Beginning with the line that holds "Designer Giorgio Armani" in the data below, give again every line through the one that holds "Bruce Springsteen in", exactly as written.

▸ EXTRACTED RECORDS:
━━━━━━━━━━

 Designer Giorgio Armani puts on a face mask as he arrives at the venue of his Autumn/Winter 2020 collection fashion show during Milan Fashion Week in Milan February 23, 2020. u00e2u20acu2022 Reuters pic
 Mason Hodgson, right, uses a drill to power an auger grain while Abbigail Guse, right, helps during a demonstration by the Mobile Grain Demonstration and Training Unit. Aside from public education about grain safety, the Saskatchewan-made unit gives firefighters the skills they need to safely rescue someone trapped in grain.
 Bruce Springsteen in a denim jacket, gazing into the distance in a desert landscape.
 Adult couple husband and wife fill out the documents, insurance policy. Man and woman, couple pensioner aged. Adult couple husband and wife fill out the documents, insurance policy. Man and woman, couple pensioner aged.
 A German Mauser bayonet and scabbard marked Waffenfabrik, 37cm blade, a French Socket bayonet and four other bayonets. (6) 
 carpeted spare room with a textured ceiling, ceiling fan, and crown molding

━━━━━━━━━━

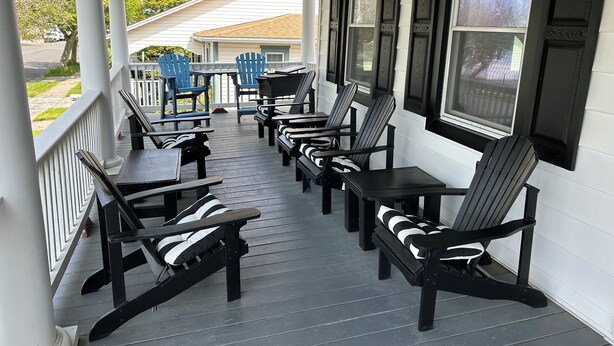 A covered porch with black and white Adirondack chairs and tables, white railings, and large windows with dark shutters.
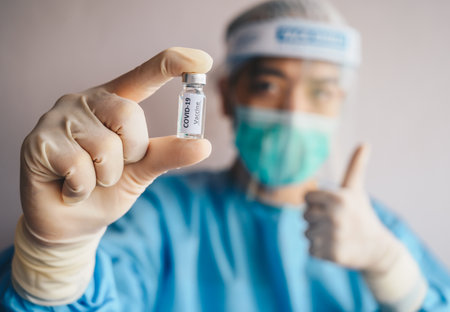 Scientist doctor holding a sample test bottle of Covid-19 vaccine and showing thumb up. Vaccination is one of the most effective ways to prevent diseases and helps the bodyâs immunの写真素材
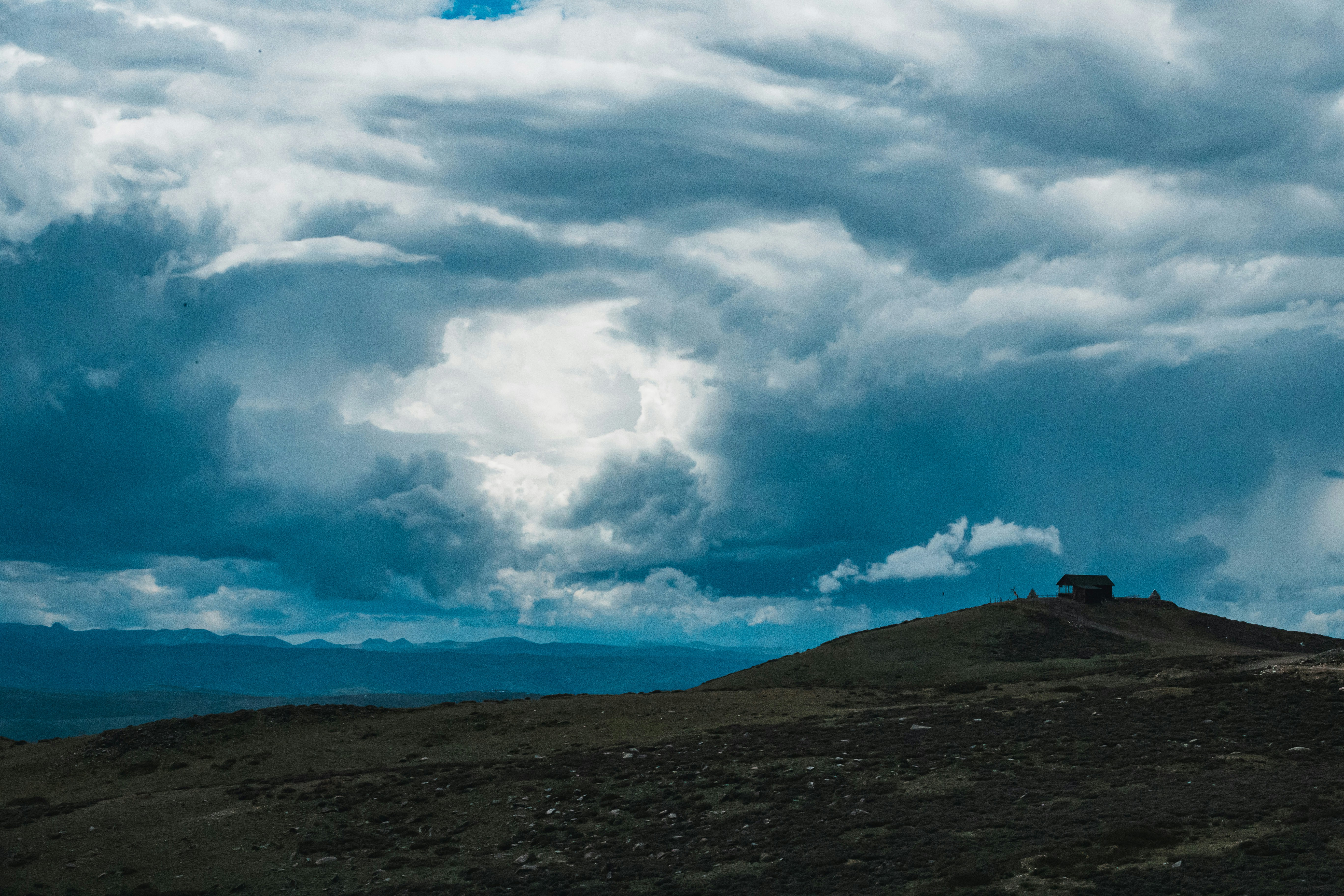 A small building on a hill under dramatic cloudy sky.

━━━━━━━━━━

▸ ANSWER SPACE:
 Designer Giorgio Armani puts on a face mask as he arrives at the venue of his Autumn/Winter 2020 collection fashion show during Milan Fashion Week in Milan February 23, 2020. u00e2u20acu2022 Reuters pic
 Mason Hodgson, right, uses a drill to power an auger grain while Abbigail Guse, right, helps during a demonstration by the Mobile Grain Demonstration and Training Unit. Aside from public education about grain safety, the Saskatchewan-made unit gives firefighters the skills they need to safely rescue someone trapped in grain.
 Bruce Springsteen in a denim jacket, gazing into the distance in a desert landscape.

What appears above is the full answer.